In dieser Folge werden wir Zeugen einer blutigen Schlägerei, einer gewalttätigen Rauferei, eines Boxkampfes, eines mutmasslichen Giftmordes und einer Hinrichtung. Man muss den Film situieren: Er spielt in Spanien, in einem Luxushotel und zur Zeit der „Belle Époque“, also vor etwa 120 Jahren – in einer Zeit und in einer Gesellschaft also, in der viele Konflikte noch direkter, brutaler, grausamer „bereinigt“ wurden. Damals wurden in Spanien alle Todesurteile mit der Garotte vollzogen, und man muss daran erinnern, dass diese Hinrichtungsart auch unter dem Franco-Regime weiter galt – bis 1974. Franco starb 1975. Wer die ganze Serie verfolgt, lässt sich auf die Umstände der Zeit an der Wende des 19. zum 20. Jahrhundert ein. Zieht man dies in Betracht, so ist der Film für Erwachsene ohne weiteres zumutbar. Selbst die Hinrichtung ist relativ dezent ins Bild gesetzt: Man sieht vor allem den Henker, der an der Winde dreht. Auch wenn ich solche Szenen nicht wünsche: Sie gehören zur historischen Wahrheit und charakterisieren auch im Spielfilm die Prägungen einer bestimmten Epoche.

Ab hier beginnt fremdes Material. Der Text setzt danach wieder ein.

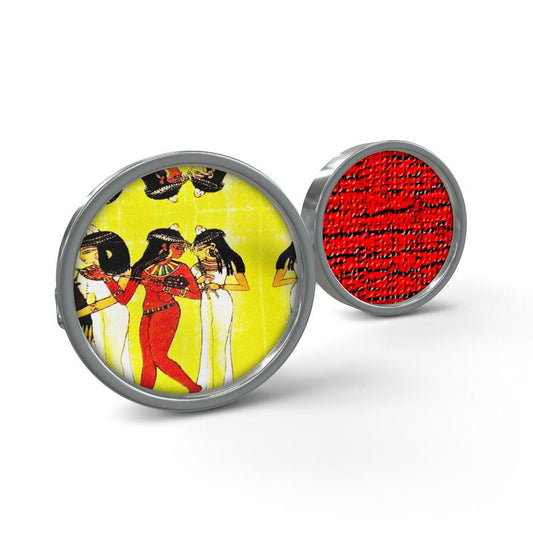 Cufflinks
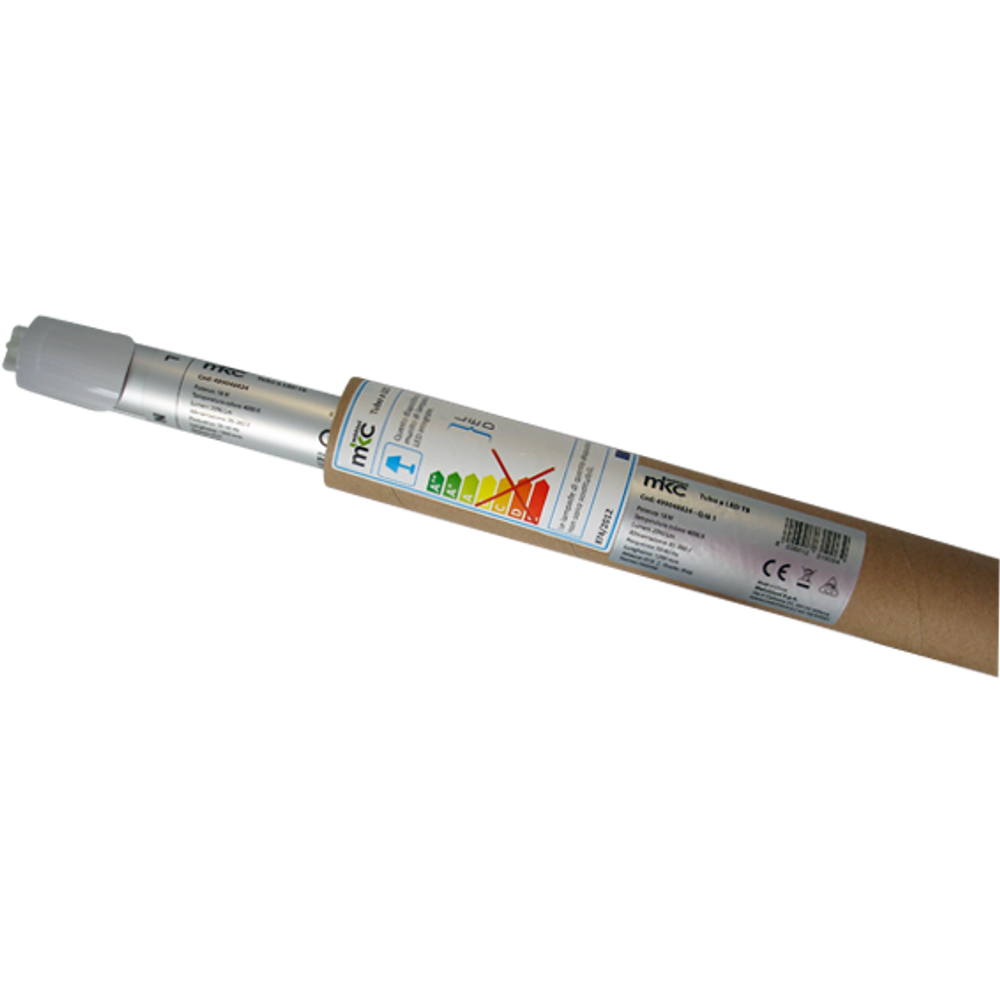 MKC Sijalica,LED cijev 18W, 1200mm,220V AC,prirodno bijela svjet - LED TUBO 18W/G13-N slika 1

Anders sieht es hingegen in Bezug auf Kinder aus. Der 1. Oktober, als der Film am Nachmittag gezeigt wurde, war ein Samstag. Am Samstag sind die Kinder nicht in der Schule, sondern zu Hause (soweit sie nicht an Freizeitaktivitäten wie Pfadfinderübungen und Ähnliches teilnehmen). Zwar sind in der Regel auch die Eltern zu Hause und können auf die Kinder aufpassen, doch es dürfte nicht allzu selten sein, dass die Eltern noch beim Einkaufen unterwegs sind, während die Kinder zu Hause mit ihren i-Phones beschäftigt sind oder auch fernsehen. Es ist also nicht unwahrscheinlich, dass Kinder „Grand Hotel“ guckten. Kinder aber müssten von Sex- und Gewaltszenen, wie sie im Film vorkommen (blutige Schlägerei, Beischlafszene, Hinrichtung) verschont werden.

Herr Schweizer zitiert den Punkt 4.1.2 der SRF Kinder- und Jugendmedienschutzrichtlinien, der erlaubt, dass in Ausnahmefällen auch Sendungen vor 20 Uhr Sex- und Gewaltdarstellungen enthalten, aber er zitiert ihn nicht ganz, denn im 4. Abschnitt steht:

„Zudem kann es in begründeten Ausnahmefällen vorkommen, dass bereits vor 20 Uhr eine Sendung mit einer von den SRF-Verantwortlichen festgelegten Altersfreigabe ausgestrahlt wird. In diesen Fällen gibt SRF die Altersfreigabe vor der Sendung schriftlich und/oder akustisch bekannt und/oder unterlegt während der Dauer der gesamten Sendung als Warnsymbol dem Senderlogo einen roten Balken (sog. ‚Logo Rouge‘). SRF verzichtet soweit möglich darauf, solche Sendungen im direkten Umfeld eines ausgewiesenen Kinderprogramms zu platzieren.“[2]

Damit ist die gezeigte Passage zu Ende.